:: DATA SUPPLIED

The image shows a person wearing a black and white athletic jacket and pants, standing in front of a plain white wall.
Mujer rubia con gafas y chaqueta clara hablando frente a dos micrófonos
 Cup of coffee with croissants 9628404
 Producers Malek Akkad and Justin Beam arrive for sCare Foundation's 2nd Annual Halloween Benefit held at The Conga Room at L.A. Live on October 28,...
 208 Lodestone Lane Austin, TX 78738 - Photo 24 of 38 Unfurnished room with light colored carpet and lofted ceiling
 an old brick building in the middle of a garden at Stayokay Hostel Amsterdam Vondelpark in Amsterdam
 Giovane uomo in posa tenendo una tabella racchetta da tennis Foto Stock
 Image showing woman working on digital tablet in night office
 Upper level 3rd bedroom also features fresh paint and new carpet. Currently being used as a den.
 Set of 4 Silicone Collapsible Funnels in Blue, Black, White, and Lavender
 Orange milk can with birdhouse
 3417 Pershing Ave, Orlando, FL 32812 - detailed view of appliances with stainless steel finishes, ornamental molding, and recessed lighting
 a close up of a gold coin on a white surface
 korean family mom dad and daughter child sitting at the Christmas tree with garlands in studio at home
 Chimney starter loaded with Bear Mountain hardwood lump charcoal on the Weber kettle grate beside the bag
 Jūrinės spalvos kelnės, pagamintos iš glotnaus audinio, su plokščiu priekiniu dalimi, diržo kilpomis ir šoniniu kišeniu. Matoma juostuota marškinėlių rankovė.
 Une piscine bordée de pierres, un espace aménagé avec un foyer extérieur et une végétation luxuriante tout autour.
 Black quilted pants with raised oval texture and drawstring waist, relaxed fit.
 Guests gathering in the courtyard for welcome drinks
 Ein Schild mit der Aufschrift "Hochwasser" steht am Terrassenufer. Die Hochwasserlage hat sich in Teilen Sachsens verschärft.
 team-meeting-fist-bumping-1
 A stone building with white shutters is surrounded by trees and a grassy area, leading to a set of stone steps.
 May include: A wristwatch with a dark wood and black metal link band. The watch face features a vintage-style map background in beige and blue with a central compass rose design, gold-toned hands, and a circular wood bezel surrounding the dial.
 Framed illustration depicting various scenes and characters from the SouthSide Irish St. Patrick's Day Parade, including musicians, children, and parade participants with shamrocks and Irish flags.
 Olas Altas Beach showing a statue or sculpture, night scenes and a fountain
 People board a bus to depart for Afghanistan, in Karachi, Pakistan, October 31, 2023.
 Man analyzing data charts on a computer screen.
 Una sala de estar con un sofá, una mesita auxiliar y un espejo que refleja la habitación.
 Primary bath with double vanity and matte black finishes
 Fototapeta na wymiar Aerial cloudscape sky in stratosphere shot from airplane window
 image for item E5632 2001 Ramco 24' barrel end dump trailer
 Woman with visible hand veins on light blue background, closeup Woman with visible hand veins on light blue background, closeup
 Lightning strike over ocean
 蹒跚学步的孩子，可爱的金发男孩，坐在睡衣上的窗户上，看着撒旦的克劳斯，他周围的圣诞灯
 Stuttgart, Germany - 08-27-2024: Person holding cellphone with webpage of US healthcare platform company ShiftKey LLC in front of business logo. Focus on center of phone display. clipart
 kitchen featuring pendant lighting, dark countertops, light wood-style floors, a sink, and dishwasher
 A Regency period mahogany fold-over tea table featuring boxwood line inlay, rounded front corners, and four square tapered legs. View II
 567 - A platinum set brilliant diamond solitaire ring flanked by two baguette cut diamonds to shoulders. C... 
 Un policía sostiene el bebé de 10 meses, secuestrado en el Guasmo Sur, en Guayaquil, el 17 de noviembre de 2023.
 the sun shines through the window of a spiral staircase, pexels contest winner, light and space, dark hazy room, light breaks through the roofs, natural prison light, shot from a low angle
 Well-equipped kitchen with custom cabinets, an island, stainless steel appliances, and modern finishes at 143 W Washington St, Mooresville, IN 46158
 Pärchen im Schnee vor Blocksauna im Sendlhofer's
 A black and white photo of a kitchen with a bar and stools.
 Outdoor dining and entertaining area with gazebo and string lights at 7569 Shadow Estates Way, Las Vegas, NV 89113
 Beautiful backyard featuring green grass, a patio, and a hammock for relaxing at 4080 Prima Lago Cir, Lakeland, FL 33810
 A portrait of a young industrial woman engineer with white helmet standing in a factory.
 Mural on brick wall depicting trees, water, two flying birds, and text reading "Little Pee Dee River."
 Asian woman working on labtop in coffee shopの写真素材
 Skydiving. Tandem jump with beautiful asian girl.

::::

#### [EXERCISE OBJECTIVE]
Examine the records above and state the number of lines that include "coffee", with no further text.

#### [TASK RESPONSE]
2